A distanza di nove anni dall’ultimo lavoro, I Cani tornano con un album che ha il sapore di un ritorno inaspettato e necessario. Post Mortem, questo il titolo del disco, non è semplicemente una raccolta di brani, ma un vero e proprio racconto sonoro che segna una nuova fase nel percorso artistico di Niccolò Contessa. Il progetto, nato oltre un decennio fa come manifesto di una generazione urbana e disillusa, si era lentamente eclissato dopo aver lasciato un’impronta indelebile nella scena musicale italiana, diventando punto di riferimento per una certa sensibilità post-indie e post-ironia.

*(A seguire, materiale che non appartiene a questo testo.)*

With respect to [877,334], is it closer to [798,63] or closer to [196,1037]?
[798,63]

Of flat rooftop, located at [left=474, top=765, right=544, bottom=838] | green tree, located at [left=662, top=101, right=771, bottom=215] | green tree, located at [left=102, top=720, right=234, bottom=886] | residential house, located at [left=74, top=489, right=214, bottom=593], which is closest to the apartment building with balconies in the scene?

Con questo nuovo lavoro, I Cani si spogliano dell’estetica da cameretta per abbracciare un tono più maturo, introspettivo, a tratti quasi solenne. La scrittura resta acuta, densa, colta, ma assume sfumature più malinconiche e meno giovanilistiche. Le canzoni sembrano parlare dal bordo di qualcosa che si è chiuso, ma che proprio per questo può essere finalmente guardato con lucidità. La morte evocata nel titolo non è soltanto quella biologica, ma quella delle illusioni, delle versioni precedenti di sé, dei cicli che si interrompono per fare spazio a qualcosa di nuovo, se non altro nel modo di sentire le cose.
L’evoluzione è evidente anche nella produzione. I suoni sono più ricercati, meno spigolosi, a volte cinematografici, spesso dilatati. C’è un respiro ampio, una calma apparente che lascia affiorare pensieri e sensazioni con un’intensità nuova. Non c’è più bisogno di slogan né di provocazioni: c’è invece il bisogno, forse anche il coraggio, di dire le cose in modo diretto, con una semplicità che arriva dritta e fa male. Eppure, in mezzo a questa apparente resa, pulsa ancora qualcosa che somiglia alla speranza. La voce di Contessa è cambiata, ma non ha perso la sua forza comunicativa. Anzi, sembra averla finalmente trovata in una forma più autentica, meno costruita, più essenziale.
Post Mortem è un disco che arriva senza clamore, ma lascia un segno profondo. È il tipo di lavoro che non chiede di essere capito subito, ma che ti resta dentro, come certe conversazioni notturne che tornano a farti visita nei momenti più inaspettati. Non è un ritorno nostalgico né un tentativo di replicare il passato. È una dichiarazione di identità, forse l’unica possibile per un artista che ha sempre saputo raccontare il presente prima che diventasse passato. E ora, anche da dentro il silenzio che c’è stato, continua a farlo.